Slapjack is a very simple game, and it is often a child's first introduction to playing cards. The memories of playing this often noisy, and always fun pastime are never forgotten!

Suggested Ages

5 to 12

Skills Developed

Visual alertness and quick responses.

The Pack

The standard 52-card pack is used.

Number of Players

Two to eight people, playing individually

The Deal

Any player may deal first. The dealer shuffles the cards and then deals them out, one at a time face down, to each player in rotation, until all the cards have been dealt. The hands do not have to come out even. Without looking at any of his cards, each player squares up his hand into a neat pile in front of him.

Object of the Game

The goal is to win all the cards, by being first to slap each jack as it is played to the center.

The Play

Beginning on the dealer's left, each player lifts one card from his pile and places it face up in the center of the table. In doing this, the player must turn up the card away from himself so that he does not see it sooner than anyone else. However, the player should turn his card up quickly enough so that the other players do not see the face of the card before he does.

When the card played to the center is a jack, the fun begins! The first player to slap his hand down on the jack takes it, as well as all the cards beneath it. The player winning these cards turns them face down, places them under his pile of cards, and shuffles them to form a new, larger pile. He then places the pile in front of him as before.

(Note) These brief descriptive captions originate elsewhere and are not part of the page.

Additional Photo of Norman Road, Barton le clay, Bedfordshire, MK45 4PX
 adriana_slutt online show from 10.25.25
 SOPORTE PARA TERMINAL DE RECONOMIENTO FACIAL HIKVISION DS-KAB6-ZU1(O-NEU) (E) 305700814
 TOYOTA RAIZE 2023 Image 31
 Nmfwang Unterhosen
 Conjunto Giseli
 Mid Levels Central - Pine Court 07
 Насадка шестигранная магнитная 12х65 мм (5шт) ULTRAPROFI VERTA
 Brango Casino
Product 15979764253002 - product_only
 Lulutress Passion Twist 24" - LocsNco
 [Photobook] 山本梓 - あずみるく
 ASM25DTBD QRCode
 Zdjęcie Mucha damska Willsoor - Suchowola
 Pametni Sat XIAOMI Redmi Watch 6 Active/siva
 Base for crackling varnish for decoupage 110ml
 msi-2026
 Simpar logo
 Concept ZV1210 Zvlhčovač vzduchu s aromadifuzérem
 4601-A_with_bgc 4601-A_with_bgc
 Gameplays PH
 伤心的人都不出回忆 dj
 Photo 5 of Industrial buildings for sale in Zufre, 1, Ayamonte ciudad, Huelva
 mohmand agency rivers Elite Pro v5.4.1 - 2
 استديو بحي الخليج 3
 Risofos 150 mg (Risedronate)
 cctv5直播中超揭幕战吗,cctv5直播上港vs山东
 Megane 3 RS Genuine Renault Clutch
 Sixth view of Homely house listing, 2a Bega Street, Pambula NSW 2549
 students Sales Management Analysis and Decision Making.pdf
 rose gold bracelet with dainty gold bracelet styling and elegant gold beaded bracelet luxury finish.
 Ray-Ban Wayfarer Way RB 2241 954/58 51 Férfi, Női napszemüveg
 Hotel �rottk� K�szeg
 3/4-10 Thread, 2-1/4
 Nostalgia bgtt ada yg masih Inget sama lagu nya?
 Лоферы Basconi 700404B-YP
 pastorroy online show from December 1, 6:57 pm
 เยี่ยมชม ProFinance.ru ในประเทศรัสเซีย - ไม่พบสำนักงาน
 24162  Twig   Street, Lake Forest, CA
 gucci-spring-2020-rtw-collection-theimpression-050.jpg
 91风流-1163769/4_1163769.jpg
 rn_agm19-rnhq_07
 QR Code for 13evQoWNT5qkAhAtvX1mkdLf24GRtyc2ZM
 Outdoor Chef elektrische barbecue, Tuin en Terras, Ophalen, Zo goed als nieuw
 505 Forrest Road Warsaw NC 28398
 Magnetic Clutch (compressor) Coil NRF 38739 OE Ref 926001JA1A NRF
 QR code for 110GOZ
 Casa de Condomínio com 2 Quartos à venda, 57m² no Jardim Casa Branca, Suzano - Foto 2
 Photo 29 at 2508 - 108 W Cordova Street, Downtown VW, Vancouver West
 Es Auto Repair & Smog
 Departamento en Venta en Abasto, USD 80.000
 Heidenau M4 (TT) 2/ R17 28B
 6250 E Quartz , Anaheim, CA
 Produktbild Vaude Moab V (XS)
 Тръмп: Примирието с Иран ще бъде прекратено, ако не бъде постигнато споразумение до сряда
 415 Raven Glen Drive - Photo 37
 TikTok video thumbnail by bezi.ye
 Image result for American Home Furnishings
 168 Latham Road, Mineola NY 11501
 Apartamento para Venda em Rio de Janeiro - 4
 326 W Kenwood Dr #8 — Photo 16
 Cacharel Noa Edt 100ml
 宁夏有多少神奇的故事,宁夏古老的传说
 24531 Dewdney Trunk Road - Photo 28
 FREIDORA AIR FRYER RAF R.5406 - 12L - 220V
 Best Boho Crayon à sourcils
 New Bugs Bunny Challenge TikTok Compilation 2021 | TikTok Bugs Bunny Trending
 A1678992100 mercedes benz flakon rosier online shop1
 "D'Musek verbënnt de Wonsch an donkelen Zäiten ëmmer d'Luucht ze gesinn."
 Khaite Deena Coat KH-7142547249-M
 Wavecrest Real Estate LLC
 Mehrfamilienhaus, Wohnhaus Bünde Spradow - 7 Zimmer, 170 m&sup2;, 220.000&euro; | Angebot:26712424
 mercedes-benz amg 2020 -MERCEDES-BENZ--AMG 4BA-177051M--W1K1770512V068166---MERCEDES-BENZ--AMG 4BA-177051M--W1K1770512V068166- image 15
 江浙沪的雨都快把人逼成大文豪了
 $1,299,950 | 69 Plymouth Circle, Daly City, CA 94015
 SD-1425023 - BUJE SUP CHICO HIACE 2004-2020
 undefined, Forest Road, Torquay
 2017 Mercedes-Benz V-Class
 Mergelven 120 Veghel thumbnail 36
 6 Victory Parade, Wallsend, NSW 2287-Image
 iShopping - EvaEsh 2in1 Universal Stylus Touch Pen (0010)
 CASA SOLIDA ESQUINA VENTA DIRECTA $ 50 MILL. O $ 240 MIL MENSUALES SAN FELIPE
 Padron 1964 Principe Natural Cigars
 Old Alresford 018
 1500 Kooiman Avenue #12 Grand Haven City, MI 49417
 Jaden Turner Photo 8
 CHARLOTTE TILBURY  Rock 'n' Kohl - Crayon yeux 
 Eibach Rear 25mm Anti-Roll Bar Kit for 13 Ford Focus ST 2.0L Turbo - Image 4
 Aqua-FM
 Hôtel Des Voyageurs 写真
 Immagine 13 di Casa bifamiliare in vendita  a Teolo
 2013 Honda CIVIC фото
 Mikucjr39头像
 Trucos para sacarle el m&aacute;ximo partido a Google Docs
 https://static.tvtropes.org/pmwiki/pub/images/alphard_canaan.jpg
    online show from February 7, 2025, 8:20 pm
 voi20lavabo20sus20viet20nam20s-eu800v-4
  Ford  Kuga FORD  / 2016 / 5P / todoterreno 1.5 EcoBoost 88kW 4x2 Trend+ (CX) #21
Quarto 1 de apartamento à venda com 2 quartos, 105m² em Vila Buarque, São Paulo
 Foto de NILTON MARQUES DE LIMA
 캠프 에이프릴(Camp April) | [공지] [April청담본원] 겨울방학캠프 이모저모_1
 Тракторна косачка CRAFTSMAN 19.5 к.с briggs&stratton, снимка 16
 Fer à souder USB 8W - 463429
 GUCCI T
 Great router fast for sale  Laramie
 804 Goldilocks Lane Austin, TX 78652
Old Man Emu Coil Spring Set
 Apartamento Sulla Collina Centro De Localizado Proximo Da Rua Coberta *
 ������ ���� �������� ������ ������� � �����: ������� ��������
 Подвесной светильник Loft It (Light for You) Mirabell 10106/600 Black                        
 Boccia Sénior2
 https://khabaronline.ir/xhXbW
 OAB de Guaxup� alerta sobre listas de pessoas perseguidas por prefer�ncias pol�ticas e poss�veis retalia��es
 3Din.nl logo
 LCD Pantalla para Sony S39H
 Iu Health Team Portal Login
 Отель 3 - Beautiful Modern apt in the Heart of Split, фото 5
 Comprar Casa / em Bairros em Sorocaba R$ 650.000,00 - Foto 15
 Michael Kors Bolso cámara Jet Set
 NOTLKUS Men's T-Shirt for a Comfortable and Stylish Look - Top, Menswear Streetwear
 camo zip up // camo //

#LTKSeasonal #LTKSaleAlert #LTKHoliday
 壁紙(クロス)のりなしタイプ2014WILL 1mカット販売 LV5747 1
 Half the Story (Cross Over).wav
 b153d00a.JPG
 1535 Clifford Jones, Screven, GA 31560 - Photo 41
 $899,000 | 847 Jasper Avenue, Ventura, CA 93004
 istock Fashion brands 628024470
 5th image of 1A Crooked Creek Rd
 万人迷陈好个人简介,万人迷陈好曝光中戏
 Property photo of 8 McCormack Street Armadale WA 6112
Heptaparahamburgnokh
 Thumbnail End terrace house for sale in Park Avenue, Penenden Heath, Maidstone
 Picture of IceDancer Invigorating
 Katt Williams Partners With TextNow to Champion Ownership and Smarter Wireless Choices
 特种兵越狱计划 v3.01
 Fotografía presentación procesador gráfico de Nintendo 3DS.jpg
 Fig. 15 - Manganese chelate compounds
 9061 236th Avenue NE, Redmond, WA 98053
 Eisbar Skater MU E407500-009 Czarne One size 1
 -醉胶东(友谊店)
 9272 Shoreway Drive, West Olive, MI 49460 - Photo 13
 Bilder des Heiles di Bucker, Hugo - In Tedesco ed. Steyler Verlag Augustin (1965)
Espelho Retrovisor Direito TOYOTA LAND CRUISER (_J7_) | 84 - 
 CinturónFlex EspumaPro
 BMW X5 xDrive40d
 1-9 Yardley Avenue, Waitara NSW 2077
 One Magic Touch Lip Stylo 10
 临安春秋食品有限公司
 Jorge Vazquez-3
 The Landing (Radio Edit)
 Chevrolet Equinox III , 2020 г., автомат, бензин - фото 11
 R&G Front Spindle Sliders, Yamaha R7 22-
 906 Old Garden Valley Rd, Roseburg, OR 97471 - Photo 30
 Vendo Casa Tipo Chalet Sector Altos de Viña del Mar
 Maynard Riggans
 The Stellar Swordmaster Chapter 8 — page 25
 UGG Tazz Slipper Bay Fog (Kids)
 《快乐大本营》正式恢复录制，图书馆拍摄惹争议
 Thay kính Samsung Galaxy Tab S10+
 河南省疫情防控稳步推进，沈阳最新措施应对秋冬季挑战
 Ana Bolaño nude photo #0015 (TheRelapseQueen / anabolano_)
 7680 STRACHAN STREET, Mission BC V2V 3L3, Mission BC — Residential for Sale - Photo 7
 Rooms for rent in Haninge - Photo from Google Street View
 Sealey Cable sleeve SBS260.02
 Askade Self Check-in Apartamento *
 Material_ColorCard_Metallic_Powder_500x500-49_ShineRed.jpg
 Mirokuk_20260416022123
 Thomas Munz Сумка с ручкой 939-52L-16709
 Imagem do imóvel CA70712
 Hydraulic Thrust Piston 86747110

When more than one player slaps at a jack, the one whose hand is lowest (directly on top of the jack) wins the pile. If a player slaps at any card in the center that is not a jack, he must give one card, face down, to the player of that card. When a player has no more cards left, he remains in the game until the next jack is turned. He may slap at the jack in an effort to get a new pile. If he fails to win that next pile, he is out of the game.

Play continues until one player has won all the cards. That player is the winner.


If a card is exposed in dealing, the recipient's cards must be shuffled before he places them face down in a pile and plays.